The U.S. stole generations of Indigenous children to open the West

Nick Estes - High Country News

This article from High Country News explores the history and legacy of the Carlisle Indian Industrial School in the United States, a school where many Indigenous children who had been forcibly separated from their families by US policy were sent. "Child removal," says the author, "is a longstanding practice, ultimately created to take away Native land." Carlisle and other Indian boarding schools were "designed to strip Native people of their cultures and languages by indoctrinating them with U.S. patriotism."

Carlisle is also the resting place of many children who were sent to the school and died in its care. Native tribes are seeking answers, and justice. "Since 2013, the National Congress of American Indians has requested all federal records for the hundreds of Native children who have disappeared or died while attending one of the hundreds of federally run or funded boarding schools." And since 2017, several Carlisle students' remains have been returned to their tribes, while others have yet to be returned, according to the article.

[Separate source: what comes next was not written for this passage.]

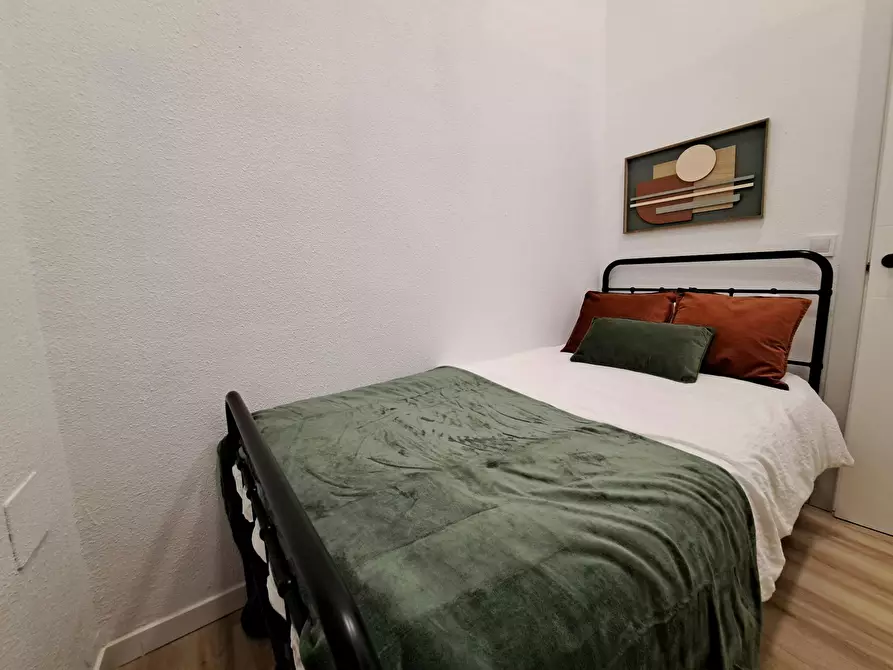 Immagine 8 di Camera in affitto  in Calle de la Luna a Madrid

The article describes the origin and history of the Carlisle school in greater detail and also shares the experiences of one survivor of the boarding schools, Luther Standing Bear, whose name was changed from his Indigenous Lakota name to "Luther" when he arrived at the school. Standing Bear recalls that in the first three years at Carlisle, nearly half of his classmates died. "In those early years, more students died at the school than graduated from it. And if one did escape death and return home, that survivor became, in Standing Bear’s words, 'an utter stranger' to their own family."

The author also connects the legacy of the Indian boarding schools to the modern family separation policy at the US border with Mexico in which children, many of whom are Indigenous children from Guatemala and other countries, are being separated from their families and placed in detention centers. The article includes statements from Ben Rhodd, the Rosebud Sioux Tribe’s tribal historic preservation officer, who sees the connection between these policies. “Children are being incarcerated unjustifiably, without merit but for economic gain.”